%%

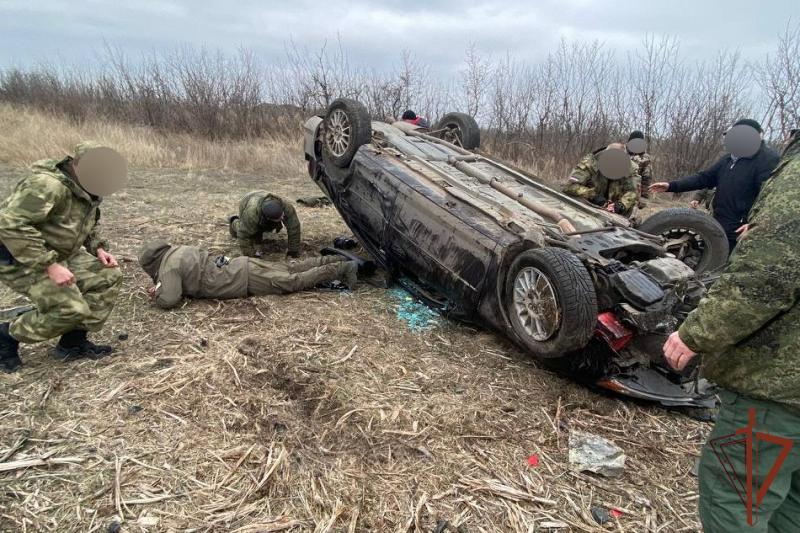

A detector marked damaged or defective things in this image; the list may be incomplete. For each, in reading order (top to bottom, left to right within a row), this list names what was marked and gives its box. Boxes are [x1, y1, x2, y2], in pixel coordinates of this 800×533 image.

exposed car wheel [318, 97, 372, 167]
exposed car wheel [434, 112, 478, 150]
overturned car [304, 98, 728, 408]
damaged vehicle roof [304, 100, 728, 408]
exposed car wheel [504, 248, 596, 358]
exposed car wheel [640, 208, 728, 274]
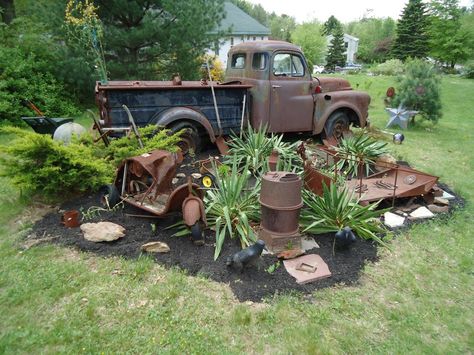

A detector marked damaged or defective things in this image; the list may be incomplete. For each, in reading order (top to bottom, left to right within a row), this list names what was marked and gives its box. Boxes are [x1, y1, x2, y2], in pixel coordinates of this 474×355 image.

rusty car fender [151, 107, 218, 143]
rusty pickup truck [95, 40, 370, 152]
rusted metal surface [225, 40, 370, 135]
rusty car fender [314, 91, 370, 136]
rusted metal surface [115, 149, 206, 218]
rusty metal barrel [260, 172, 304, 236]
rusted metal surface [260, 172, 304, 253]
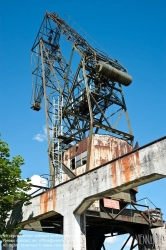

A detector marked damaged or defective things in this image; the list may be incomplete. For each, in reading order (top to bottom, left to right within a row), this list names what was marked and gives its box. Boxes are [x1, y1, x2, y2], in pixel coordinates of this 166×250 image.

rusty steel crane [30, 11, 134, 187]
rusty metal structure [29, 11, 165, 250]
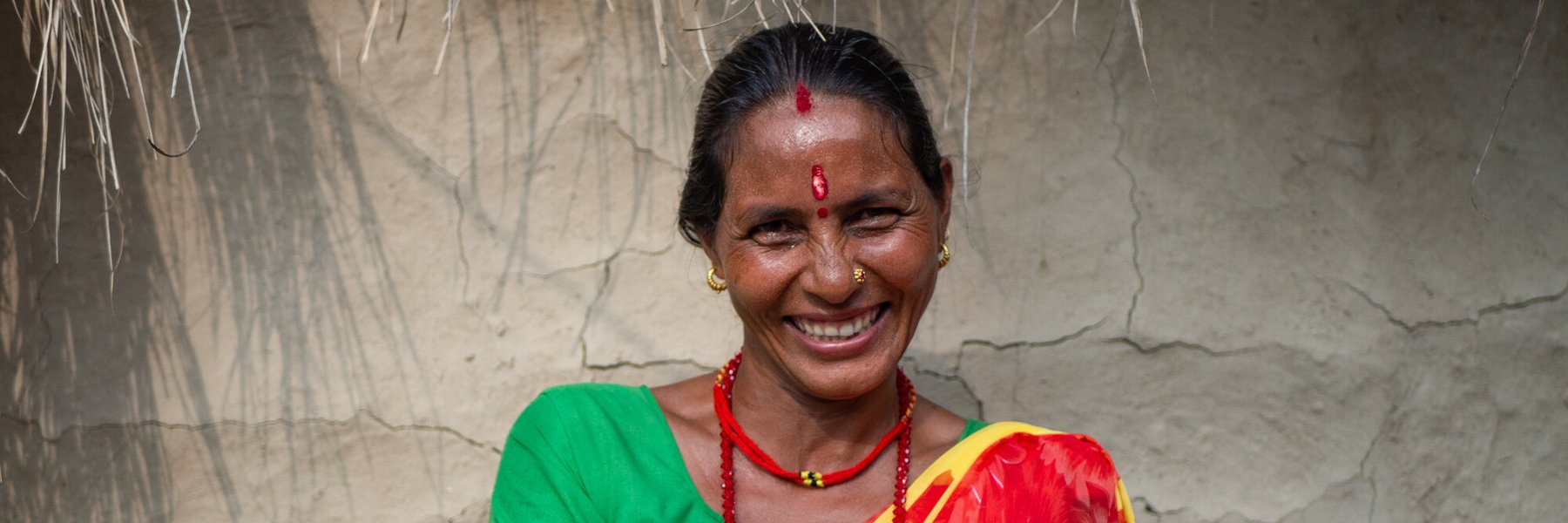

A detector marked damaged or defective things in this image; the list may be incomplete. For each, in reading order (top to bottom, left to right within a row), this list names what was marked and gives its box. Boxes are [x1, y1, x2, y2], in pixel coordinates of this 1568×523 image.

crack in wall [1348, 279, 1568, 331]
crack in wall [1, 408, 502, 452]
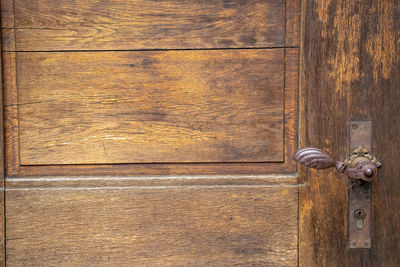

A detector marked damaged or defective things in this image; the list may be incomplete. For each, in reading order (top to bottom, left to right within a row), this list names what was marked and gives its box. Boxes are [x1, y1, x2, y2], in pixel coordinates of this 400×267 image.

rusty metal handle [294, 147, 382, 182]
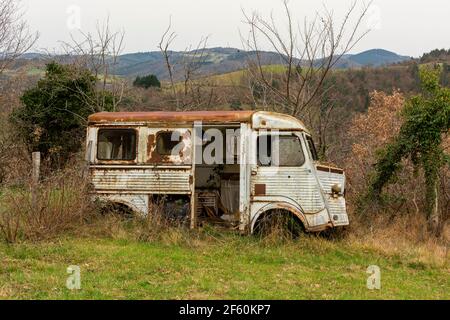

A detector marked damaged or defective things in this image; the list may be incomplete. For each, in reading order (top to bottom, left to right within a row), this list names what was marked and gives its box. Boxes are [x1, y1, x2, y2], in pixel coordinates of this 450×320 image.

abandoned van [87, 111, 348, 234]
rusty van body [87, 111, 348, 234]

%%

(EXERCISE DETAILS): Print exactly the line containing "this 400×267 image." and every line after it through the final line above, and leave all pictures out.

(TASK OUTPUT):
A detector marked damaged or defective things in this image; the list may be incomplete. For each, in reading order (top to bottom, left to right within a row), this list names what was marked and gives its box. Boxes are [x1, y1, x2, y2], in pixel coordinates of this 400×267 image.

rusty metal handle [294, 147, 382, 182]

A detector marked damaged or defective things in this image; the list may be incomplete. For each, in reading order (top to bottom, left to right within a row), this list names what was marked and gives its box. Boxes are [x1, y1, x2, y2], in pixel coordinates of this 450×320 image.

abandoned van [87, 111, 348, 234]
rusty van body [87, 111, 348, 234]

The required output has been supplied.